Integrating Disambiguation and User Preferences into Large Language Models for Robot Motion Planning
Mohammed Abugurain, Shinkyu Park
TL;DR
The paper addresses the challenge of translating natural-language robot navigation commands into reliable motion plans in the presence of ambiguity and user preferences. It proposes an end-to-end pipeline that first detects ambiguity using $text-embedding-ada-002$ features fed to a random forest, then uses GPT-4 to generate clarifying questions and produce disambiguated instructions, while a memory component stores user preferences for future interactions. Disambiguated instructions are translated into $LTL$ specifications and solved via a planning approach based on a graph of convex sets, enabling precise, temporally-aware navigation. The framework demonstrates improved ambiguity handling (reducing ambiguity likelihood by $36.8 ext{%}$) and high detection accuracy ($0.85$) compared to baselines, highlighting potential for safer, more personalized human-robot collaboration in complex environments.
Abstract
This paper presents a framework that can interpret humans' navigation commands containing temporal elements and directly translate their natural language instructions into robot motion planning.
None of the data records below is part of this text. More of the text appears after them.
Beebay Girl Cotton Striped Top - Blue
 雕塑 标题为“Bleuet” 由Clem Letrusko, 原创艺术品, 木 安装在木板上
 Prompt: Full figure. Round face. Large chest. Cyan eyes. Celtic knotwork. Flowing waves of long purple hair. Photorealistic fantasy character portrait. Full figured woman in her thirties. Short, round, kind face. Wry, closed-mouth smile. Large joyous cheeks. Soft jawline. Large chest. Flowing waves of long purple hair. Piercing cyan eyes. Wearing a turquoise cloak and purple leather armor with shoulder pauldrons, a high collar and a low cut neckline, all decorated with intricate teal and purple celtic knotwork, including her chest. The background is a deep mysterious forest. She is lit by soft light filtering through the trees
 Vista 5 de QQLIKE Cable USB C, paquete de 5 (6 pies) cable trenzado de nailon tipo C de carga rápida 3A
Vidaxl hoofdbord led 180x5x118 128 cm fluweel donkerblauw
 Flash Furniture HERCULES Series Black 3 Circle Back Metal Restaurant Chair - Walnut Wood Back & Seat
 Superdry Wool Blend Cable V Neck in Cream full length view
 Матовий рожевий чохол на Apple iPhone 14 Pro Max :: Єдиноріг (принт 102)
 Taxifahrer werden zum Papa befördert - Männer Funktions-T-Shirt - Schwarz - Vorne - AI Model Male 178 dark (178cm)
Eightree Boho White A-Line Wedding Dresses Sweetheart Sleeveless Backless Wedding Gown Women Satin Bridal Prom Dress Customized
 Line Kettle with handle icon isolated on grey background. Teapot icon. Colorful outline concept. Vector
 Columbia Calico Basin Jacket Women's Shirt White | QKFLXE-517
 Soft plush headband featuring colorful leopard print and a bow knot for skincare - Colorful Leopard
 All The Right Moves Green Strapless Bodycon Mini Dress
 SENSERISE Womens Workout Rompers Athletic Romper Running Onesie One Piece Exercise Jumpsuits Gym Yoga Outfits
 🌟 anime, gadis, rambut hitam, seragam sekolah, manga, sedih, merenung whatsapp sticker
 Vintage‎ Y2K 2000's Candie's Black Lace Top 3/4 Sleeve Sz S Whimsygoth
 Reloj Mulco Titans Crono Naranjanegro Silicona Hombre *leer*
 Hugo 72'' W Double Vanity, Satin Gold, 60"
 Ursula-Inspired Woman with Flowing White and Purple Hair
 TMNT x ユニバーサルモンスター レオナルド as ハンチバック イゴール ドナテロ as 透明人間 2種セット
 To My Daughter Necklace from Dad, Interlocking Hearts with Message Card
Central to our framework is utilizing Large Language Models (LLMs). To enhance the reliability of LLMs in the framework and improve user experience, we propose methods to resolve the ambiguity in natural language instructions and capture user preferences. The process begins with an ambiguity classifier, identifying potential uncertainties in the instructions. Ambiguous statements trigger a GPT-4-based mechanism that generates clarifying questions, incorporating user responses for disambiguation. Also, the framework assesses and records user preferences for non-ambiguous instructions, enhancing future interactions. The last part of this process is the translation of disambiguated instructions into a robot motion plan using Linear Temporal Logic. This paper details the development of this framework and the evaluation of its performance in various test scenarios.